Arrêt du 30 juin 2009 
IIe Cour de droit civil 
 
Composition 
Mmes et MM. les Juges Hohl, Présidente, Escher, 
L. Meyer, Marazzi et Jacquemoud-Rossari. 
Greffier: M. Fellay. 
 
Parties 
X.________, 
recourante, représentée par Me Urs Van Stiphout, avocat, 
 
contre 
 
Y.________ SA, 
intimée, représentée par Me Thomas Barth, avocat. 
 
Objet 
action en contestation de l'état de collocation, 
 
recours contre l'arrêt de la Chambre civile de la Cour de justice du canton de Genève du 20 mars 2009. 
 
Faits: 
 
A. 
X.________, ancienne cliente de Y.________ SA (ci-après: Y.________), a fait valoir une créance de 330'247 fr. dans le cadre de l'inventaire de la succession de A.________, administrateur et président du conseil d'administration de ladite société de 1963 à 1991 et décédé le 18 décembre 2002. Elle estimait avoir été lésée par les agissements de cet organe. 
Y.________ a également fait valoir une créance dans la succession de son ancien administrateur, à hauteur de 373'068 fr., pour le même motif. La succession en question ayant été répudiée, sa faillite a été prononcée et l'Office des faillites de Genève chargé de sa liquidation. 
Le 30 mars 2005, cet office a procédé à la publication du dépôt de l'état de collocation et a informé les deux intervenantes que leurs créances avaient été écartées. Le dividende maximal prévisible pour les créances colloquées en 3ème classe était alors de 100 %. 
 
B. 
Les deux intervenantes ont agi en contestation de l'état de collocation pour faire admettre leur qualité de créancières conformément à l'art. 250 al. 1 LP
Le 20 décembre 2005, le Tribunal de première instance de Genève a entériné un accord intervenu entre la masse en faillite et Y.________ aux termes duquel la créance de celle-ci serait inscrite en 3ème classe de l'état de collocation, à hauteur du montant produit. Une modification de l'état de collocation en ce sens a fait l'objet d'une publication le 19 décembre 2007 avec la mention que la modification serait considérée comme acceptée faute pour les créanciers de la contester dans les 20 jours. 

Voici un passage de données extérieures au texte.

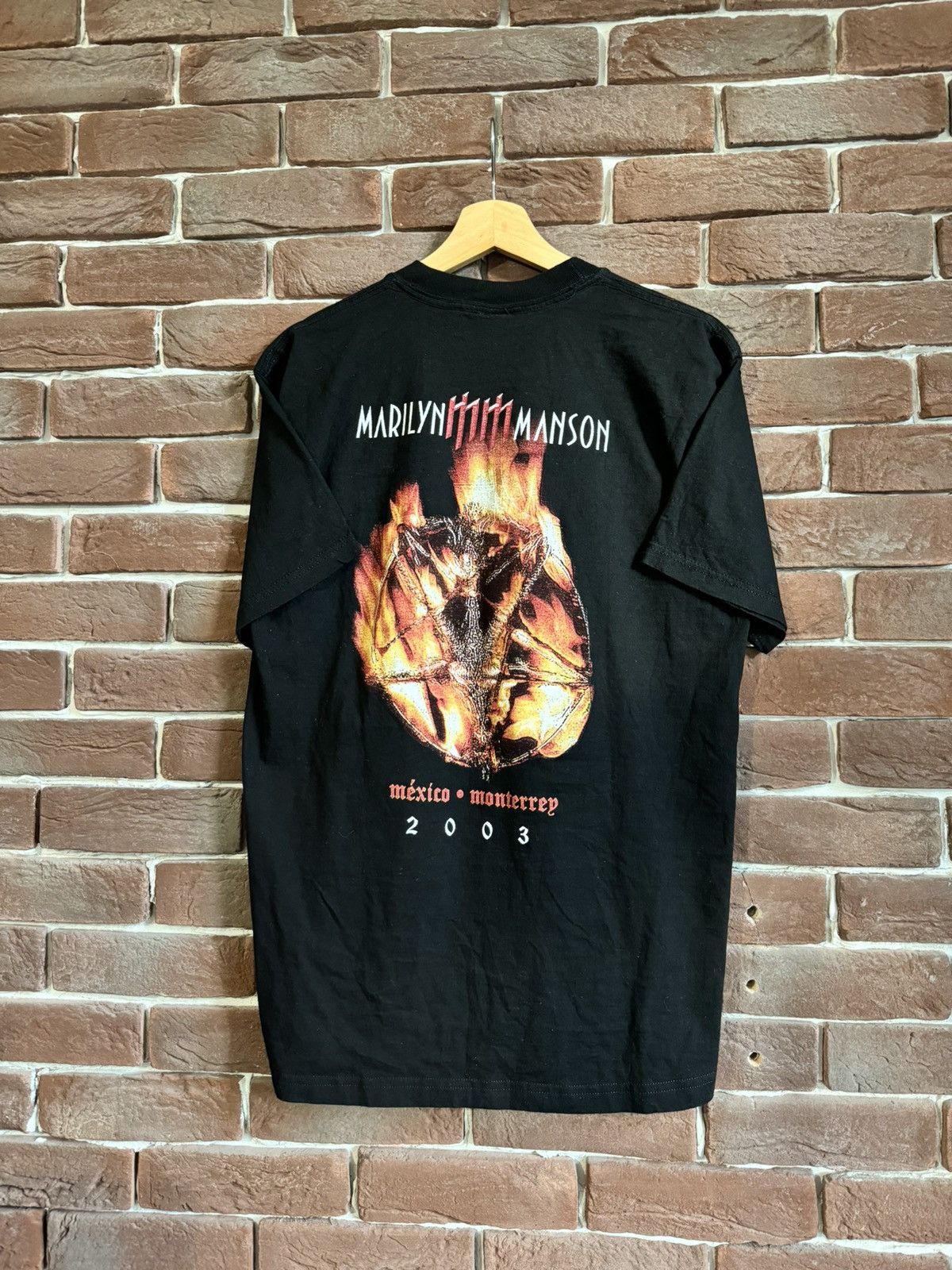 Band Tees Rare Vintage 00s Marilyn Manson Resurrection Mexico Band Tee Size US L / EU 52-54 / 3 - 2 Thumbnail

A une date indéterminée, la masse en faillite et X.________ sont convenues que la créance de celle-ci serait admise en 3ème classe de l'état de collocation, à hauteur de 119'800 fr. 35. Cette modification a également fait l'objet d'une publication le 9 avril 2008 avec la même mention. L'office a précisé à cette occasion que le dividende maximum prévisible pour les créances colloquées en 3ème classe était de 30 %. 
Le 19 avril 2008, X.________ a ouvert action en contestation de l'état de collocation selon l'art. 250 al. 2 LP, concluant à ce que la créance de Y.________ en soit écartée et à ce que l'acte en question soit rectifié en conséquence. Par jugement du 2 octobre 2008, le Tribunal de première instance a déclaré la contestation irrecevable pour cause de tardiveté, l'action n'ayant pas été déposée dans le délai de 20 jours suivant la publication de l'admission de la créance de Y.________ à l'état de collocation. 
Sur appel de X.________, la Cour de justice du canton de Genève a confirmé le jugement de première instance par arrêt du 20 mars 2009, notifié le 27 du même mois à l'appelante. 
 
C. 
Par acte du 7 mai 2009, X.________ a interjeté un recours en matière civile au Tribunal fédéral, concluant à l'annulation de l'arrêt de la cour cantonale et au renvoi de la cause à cette autorité « pour qu'elle statue sur la recevabilité de l'action en contestation de l'état de collocation ». La recourante invoque la violation des art. 250 al. 2 LP et 29 al. 1 Cst. La recourante sollicite également l'octroi de l'assistance judiciaire. 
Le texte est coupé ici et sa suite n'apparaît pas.